The Sea Eagles are coming off a rollercoaster, having lost to the Storm in a big way during the qualifying final, before bouncing back with a big win of their own over the Sydney Roosters in last week's sudden-death semi-final.
Meanwhile, the Rabbitohs proved they can defend with a gutsy victory over the Penrith Panthers in their own qualifying final, ruining the majority of pundit's grand final tips, and earning themselves a week off in the process.
The Manly centre, ever solid on both ends of the park, was cut from the Sea Eagles' squad at the 24-hour mark, with Moses Suli the man to take his place.
Sean Keppie also had an injury cloud hovering over him, however at this point is listed to take his place for the men from the Northern Beaches. If Keppie is ruled out, then Toafofoa Sipley could take his place on the bench.
Keppie also started last week. Martin Taupau has been named to retake his spot in the starting team, but don't be shocked if Hasler pulls a last-minute swap.
The Rabbitohs, on the other hand, are virtually at full strength, minus suspended fullback Latrell Mitchell, and have no reported concerns from the captain's run on Thursday after their week off.
South Sydney Rabbitohs
1. Blake Taaffe 2. Alex Johnston 3. Dane Gagai 4. Campbell Graham 5. Jaxson Paulo 6. Cody Walker 7. Adam Reynolds 8. Mark Nicholls 9. Damien Cook 10. Tevita Tatola 11. Keaon Koloamatangi 12. Jaydn Su'A 13. Cameron Murray
Interchange: 14. Benji Marshall 15. Jacob Host 16. Thomas Burgess 17. Jai Arrow 18. Taane Milne 19. Patrick Mago
Manly Sea Eagles
1. Tom Trbojevic 2. Jason Saab 19. Moses Suli 4. Morgan Harper 5. Reuben Garrick 6. Kieran Foran 7. Daly Cherry-Evans 8. Josh Aloiai 9. Lachlan Croker 10. Martin Taupau 11. Haumole Olakau'atu 12. Josh Schuster 13. Jake Trbojevic
Interchange: 14. Dylan Walker 15. Karl Lawton 16. Sean Keppie 17. Taniela Paseka 18. Toafofoa Sipley 21. Tevita Funa
The key battles
Shutting down Cody Walker and the Rabbitohs' left edge
It's no small surprise that the South Sydney left edge is one of the most dangerous attacking weapons in the competition.
While Cody Walker has come away with a monstrous, record-breaking number of try assists throughout the season, he has only been part of the reason South Sydney's left edge has been so phenomenal.
From prolific try-scorer Alex Johnston's finishing ability, to the way Damien Cook gets the team rolling out of dummy half, or Cameron Murray's work in getting quick play the balls (more on this in a moment), it's a dominance unlike what has been seen before.
The other key factor in stopping the Rabbitohs left edge is to starve them of possession.
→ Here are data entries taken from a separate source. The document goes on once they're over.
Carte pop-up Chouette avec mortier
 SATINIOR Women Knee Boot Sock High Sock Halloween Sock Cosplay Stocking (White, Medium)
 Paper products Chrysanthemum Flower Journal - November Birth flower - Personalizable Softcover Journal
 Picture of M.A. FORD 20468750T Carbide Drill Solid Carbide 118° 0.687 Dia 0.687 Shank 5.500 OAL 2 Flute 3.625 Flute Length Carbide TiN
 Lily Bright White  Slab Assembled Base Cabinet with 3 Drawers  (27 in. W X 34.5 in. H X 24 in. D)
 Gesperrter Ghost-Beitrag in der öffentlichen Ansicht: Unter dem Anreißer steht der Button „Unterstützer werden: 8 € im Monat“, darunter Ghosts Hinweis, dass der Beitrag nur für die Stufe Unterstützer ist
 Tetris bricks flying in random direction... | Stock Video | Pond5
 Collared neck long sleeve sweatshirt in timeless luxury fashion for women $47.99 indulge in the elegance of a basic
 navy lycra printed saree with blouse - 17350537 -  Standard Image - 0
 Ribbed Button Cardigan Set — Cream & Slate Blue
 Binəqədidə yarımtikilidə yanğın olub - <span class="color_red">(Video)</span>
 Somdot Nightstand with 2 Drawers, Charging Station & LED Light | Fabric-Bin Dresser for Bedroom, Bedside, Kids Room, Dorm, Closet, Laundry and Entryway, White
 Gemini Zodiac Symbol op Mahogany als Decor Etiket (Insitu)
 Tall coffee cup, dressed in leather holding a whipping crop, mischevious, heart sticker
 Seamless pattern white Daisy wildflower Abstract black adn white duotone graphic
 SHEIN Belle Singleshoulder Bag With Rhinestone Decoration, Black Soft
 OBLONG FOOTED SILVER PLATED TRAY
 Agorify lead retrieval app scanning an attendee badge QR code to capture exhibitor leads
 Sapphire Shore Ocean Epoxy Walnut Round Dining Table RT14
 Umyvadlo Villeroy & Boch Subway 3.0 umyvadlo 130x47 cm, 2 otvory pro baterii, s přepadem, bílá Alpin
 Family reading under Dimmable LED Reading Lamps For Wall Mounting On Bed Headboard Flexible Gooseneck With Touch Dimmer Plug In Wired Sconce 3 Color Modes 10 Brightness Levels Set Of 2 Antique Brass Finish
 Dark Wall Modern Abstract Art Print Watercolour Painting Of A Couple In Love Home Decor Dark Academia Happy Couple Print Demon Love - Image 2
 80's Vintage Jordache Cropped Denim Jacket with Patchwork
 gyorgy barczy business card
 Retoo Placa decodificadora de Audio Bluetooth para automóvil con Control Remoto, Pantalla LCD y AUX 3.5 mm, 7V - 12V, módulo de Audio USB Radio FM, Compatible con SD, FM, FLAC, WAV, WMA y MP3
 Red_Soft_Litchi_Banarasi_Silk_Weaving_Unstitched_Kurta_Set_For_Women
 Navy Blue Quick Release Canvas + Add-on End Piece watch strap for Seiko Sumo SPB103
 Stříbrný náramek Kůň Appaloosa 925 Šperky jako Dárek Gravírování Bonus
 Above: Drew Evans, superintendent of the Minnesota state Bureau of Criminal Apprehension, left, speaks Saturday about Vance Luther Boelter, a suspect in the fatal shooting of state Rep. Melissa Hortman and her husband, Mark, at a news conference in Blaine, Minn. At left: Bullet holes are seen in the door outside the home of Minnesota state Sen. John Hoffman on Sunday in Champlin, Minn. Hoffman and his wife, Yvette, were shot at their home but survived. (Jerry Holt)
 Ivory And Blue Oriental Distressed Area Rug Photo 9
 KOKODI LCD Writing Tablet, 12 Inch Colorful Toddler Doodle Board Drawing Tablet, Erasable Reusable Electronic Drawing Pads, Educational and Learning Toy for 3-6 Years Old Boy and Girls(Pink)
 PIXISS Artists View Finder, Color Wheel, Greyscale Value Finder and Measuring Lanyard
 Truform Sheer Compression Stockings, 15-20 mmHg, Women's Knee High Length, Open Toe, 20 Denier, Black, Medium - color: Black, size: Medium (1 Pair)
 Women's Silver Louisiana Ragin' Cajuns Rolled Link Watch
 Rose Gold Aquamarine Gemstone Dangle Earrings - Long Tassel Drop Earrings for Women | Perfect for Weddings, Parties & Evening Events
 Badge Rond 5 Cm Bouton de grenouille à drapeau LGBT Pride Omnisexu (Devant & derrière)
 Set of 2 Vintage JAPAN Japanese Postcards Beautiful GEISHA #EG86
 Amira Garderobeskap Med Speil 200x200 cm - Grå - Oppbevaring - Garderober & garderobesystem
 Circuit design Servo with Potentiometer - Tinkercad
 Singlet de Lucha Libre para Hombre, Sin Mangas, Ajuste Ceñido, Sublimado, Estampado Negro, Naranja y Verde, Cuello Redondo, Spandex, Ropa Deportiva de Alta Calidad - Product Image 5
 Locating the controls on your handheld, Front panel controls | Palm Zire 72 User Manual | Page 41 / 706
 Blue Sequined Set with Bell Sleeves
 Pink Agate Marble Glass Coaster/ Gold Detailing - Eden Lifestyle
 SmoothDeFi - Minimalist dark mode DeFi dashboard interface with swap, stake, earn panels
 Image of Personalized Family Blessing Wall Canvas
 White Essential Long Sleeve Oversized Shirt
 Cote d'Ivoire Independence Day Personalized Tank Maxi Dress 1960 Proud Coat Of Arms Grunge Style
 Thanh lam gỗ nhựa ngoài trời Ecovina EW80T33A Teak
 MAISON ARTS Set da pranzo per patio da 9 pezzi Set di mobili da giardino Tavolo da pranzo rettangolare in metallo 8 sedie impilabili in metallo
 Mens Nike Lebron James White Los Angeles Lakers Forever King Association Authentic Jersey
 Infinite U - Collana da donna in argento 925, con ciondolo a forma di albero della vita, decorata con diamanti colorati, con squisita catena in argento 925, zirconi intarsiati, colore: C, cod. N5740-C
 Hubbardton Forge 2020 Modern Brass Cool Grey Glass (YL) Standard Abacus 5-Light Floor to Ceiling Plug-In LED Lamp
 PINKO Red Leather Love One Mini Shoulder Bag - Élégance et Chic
Tiring out the agile forwards, slowing the play the ball and running an excellent kicking game - led by Daly Cherry-Evans - will be critical.
Undoubtedly, he needs other stars, Cherry-Evans, Kieran Foran, brother Jake and Lachlan Croker to all play superbly around him, but if Tom Trbojevic fires, few teams - Melbourne aside - have been able to put a stop to Manly's attacking prowess.
While Trbojevic did have the slow game in Manly's losing qualifying final effort, he has been excellent everywhere else, averaging more than three try involvements per game.
To put it in perspective, Trbojevic is odds-on favourite to win the Dally M Medal, despite playing just 15 games throughout the course of the regular season.
He has been the best player by the length of the straight, and Blake Taafe is going to have a mighty task on his hands to contain him. It's more than just Taafe of course, but as fullback, he needs to read the play before it happens, direct his teammates and, no matter how rookie, find a way to guide his team through difficult periods where Trbojevic simply has the tendency to pop up everywhere.
Cameron Murray's quick play the balls and Manly's brute strength
This is a real battle of two different forward packs.
It's not to say South Sydney don't possess the old-style, hard-nosed, aggressive forward. They do. Players like Mark Nicholls and even Keaon Kolomatangi know how to bend the line as much as anyone in the competition.
But they don't have the X-Factor style player that is Martin Taupau. It may be a generally slower style of play through the middle third, but the way he is able to generate offloads alongside others like Haumole Olokau'atu, Jake Trbojevic and Taniela Paseka is outstanding.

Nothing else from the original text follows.